Sorry, I believe, is for the sayer.

Not always perhaps, this isn’t a blanket observation that covers all the instances and scenarios, but the thought dawned on me as it’s dawned on me before, only this time I chose to expound upon it. Sorry, is for the sayer. I shall explain and open the door for your rebuttals, should they come.

It begins with an infraction, and this can be anything, at any time, from any one. A party is wronged, is hurt, and now I’d like you to imagine that you are the perpetrator of the crime, minor as it may be. You’ve done it, you’ve ruffled the feathers, upset the balance, spoken even slightly out-of-turn, and in doing so caused pain or suffering to another. This is done, the pain is caused, and time will be required for healing to occur, if it’s to occur at all.

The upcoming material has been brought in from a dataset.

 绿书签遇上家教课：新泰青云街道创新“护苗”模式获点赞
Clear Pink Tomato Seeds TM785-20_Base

The bigger the mistake, the more dire the damage, the longer this will take, as there is a proportionality to this thing.

Share with someone you need to apologize to!

Share

The trouble I have with apologies is quite possibly entirely personal, as I’ve seen what I’m about to explain transpire more times than I can possibly count. Perhaps my neurodiversity comes into play in a larger capacity than I have fully come to understand yet, and if so I will be the first to admit it and then adjust accordingly, but the more often this aforementioned series of events comes to pass, the more I begin to shape this bizarre viewpoint about contrition. Here’s what has occurred, more often than not, when I have been hurt or wronged by another:

  1. The transgression occurs.

  2. An apology is offered in a time that doesn’t quantifiably leave room for the actual absorption of said transgression into the mind and soul of the transgressor.

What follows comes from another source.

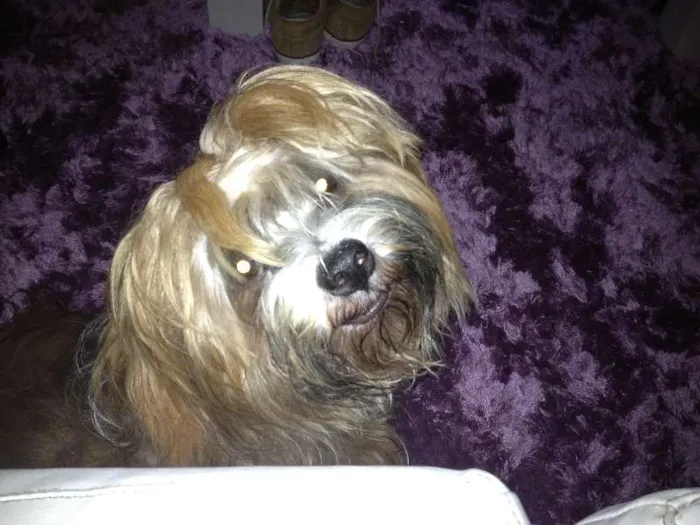 Cachorro ra a Lhasa Apso idade 2 anos nome Bruce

  3. The burden of guilt is instantly relieved for the transgressor by the releasing of this weight.

  4. A lightness (for the transgressor) sets in, sets them free, and allows for an almost instantaneous mood change, vibe shift, and energy transformation.

  5. This lightness brings about an expectation for its spread, an expectation that all others will also feel this burden pass.

  6. The burden of ache, of sorrow, of betrayal, or whatever other emotional scar that accompanies the transgression still remains for the innocent and recently wronged party.

  7. This delay, and often even removal from the lightness is now perceived as bitterness, stubbornness, moodiness, or reluctance to accept the swift apology.

  8. The aggrieved innocent party is then forced into a lose/lose situation, either adopting the new mood/vibe/energy/lightness though it comes not natural or even feels genuine, OR, refuses to acquiesce to this mood/vibe/energy switch and is then seen as negative and unwilling.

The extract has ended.